“As the tide carried me to the realm of self-content and reflection, it is now that I see that it was simply carrying me to the shore of finding myself.”
Michaela Yearwood-Dan
Tiwani Contemporary is delighted to present Michaela Yearwood-Dan’s debut solo exhibition at the gallery.
Michaela Yearwood-Dan’s work reflects on subjectivity and individual identity as forms of self-determination. Through painting, she explores how selfhood and personal experience – especially love and loss – marks of existence – constitute a vital and highly personal process of self-historicization vis-à-vis identity formation.
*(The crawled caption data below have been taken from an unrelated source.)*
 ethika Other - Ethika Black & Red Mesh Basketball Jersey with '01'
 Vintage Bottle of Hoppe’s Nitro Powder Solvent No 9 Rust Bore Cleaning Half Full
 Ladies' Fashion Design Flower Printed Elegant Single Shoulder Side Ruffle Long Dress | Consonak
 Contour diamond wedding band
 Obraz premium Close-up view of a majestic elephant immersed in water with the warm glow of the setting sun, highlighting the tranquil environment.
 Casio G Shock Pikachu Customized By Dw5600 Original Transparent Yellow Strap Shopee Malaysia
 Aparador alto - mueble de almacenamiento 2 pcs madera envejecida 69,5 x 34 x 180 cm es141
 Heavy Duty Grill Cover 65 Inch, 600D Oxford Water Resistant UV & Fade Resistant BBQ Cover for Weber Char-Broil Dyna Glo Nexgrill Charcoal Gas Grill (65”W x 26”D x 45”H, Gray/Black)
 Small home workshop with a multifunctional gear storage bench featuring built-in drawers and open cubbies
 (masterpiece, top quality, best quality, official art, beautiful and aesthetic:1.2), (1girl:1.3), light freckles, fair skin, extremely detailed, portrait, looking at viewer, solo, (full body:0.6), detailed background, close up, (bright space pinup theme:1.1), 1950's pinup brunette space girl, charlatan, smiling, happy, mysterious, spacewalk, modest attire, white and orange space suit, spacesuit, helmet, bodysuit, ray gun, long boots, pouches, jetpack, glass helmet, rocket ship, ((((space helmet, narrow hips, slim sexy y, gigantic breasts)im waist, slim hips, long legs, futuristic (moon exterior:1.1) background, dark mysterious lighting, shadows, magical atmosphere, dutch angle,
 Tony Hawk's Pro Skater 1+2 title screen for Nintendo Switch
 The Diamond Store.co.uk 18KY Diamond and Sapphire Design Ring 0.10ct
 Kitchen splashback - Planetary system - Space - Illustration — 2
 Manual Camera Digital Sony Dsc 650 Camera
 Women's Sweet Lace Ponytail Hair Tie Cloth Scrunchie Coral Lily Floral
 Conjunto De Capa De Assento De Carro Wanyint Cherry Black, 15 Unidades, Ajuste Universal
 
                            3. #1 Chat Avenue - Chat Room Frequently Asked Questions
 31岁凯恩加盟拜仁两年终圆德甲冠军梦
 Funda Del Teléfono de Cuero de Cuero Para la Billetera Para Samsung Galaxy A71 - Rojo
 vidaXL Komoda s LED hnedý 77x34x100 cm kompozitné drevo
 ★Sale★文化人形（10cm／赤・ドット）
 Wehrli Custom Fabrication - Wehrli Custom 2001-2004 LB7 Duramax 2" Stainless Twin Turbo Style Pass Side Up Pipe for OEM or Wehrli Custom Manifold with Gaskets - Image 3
The exhibition draws heavily on the vicissitudes of her own romantic life – past and present - exploring what the artist calls the ‘bitter-sweet reality’ that arrives in the aftermath of heightened emotion and connectivity. Yet the artist also coheres an analogy of falling in and out of love with the mutability of contemporary experience that is desirous of advancement but marked by crisis and change. But what occurs at the end of all these entanglements – amorous or political? Yearwood-Dan proposes a rosy perspective of nostalgia that gives way - starkly and inevitably - to a sudden realisation of disillusionment. The works in this exhibition explore an awareness of the hues and textures of that epiphany.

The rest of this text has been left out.